Students frequently park in the neighborhood surrounding the college’s Annandale campus to escape school parking fees, but residents take issue with the cars clogging their streets.

In an attempt to alleviate the years-long dispute, NOVA officials have introduced changes to the parking system for the upcoming school year.

The college reduced the cost of parking permits by $15. Students now pay $90, or $80 if they purchase the permit online, down from $105 or $90. Daily parking at campus parking decks is down from $12 to $10.

In a more radical change, NOVA students will be able to park for free on campus after 4 p.m. on weekdays and all day on weekends.

Because the college depends on parking fees to generate revenue, NOVA also introduced a fee of $0.50 per credit hour to offset money lost by the other new policies.

The changes come as a result of a task force formed by NOVA President Robert Templin last September to improve the school’s parking policies.

“We started looking for ways to make on-campus parking better for our students and more effective,” said Tony Bansal, NOVA’s chief administrative officer and leader of the task force.

The recommendations of the task force were approved by the State Board for Community Colleges in May.

Still, local government officials are not sold on the changes.

Fairfax County Supervisor John Cook (R-Braddock) said the changes “can’t hurt,” but doubted whether the “relatively small fee reduction” for parking permits would have a significant impact.

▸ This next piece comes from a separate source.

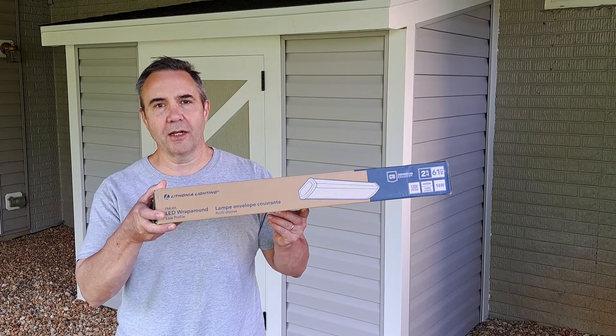Welcome to this last video on my Simple Shad Build Series. In this video I'm getting rid of the hose bib and I'm installing this new light.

Cook said he still encourages residents of streets leading to the Annandale campus to consider joining the county’s permit parking zone around the college.

Roads within 2,000 feet walking distance of a pedestrian entrance to the college or 1,000 feet from the property boundaries are eligible to join a restricted, residents-only parking district.

While Cook said he hopes NOVA’s new parking policies will stem the flood of cars on neighborhood streets, he wants residents to know additional assistance is available.

“We’re hoping these changes are a step in the right direction,” Cook said. “But we’ve been working on this for a while, and it’s not something that’s going to be solved overnight.”

Del. Vivian Watts (D-Dist. 39), who lives in the neighborhood around the Annandale campus, said she has been working with NOVA to resolve the parking problems since 2009 and expects that her uphill battle will continue.

“I doubt that I’m going to see a huge change,” Watts said. “I hope I do. My hope is to solve the problem. But I don’t think what they’re doing now is going to solve it.”

The college plans to commission a transportation study this year to study how traffic circulates around its Annandale campus, Bansal said. The study also will investigate other possible policy changes and alternative fee systems, Bansal said.

“The way I look at this is as a work in progress,” Bansal said. “We need to constantly refine this and fine-tune it. There’s no silver bullet to this.”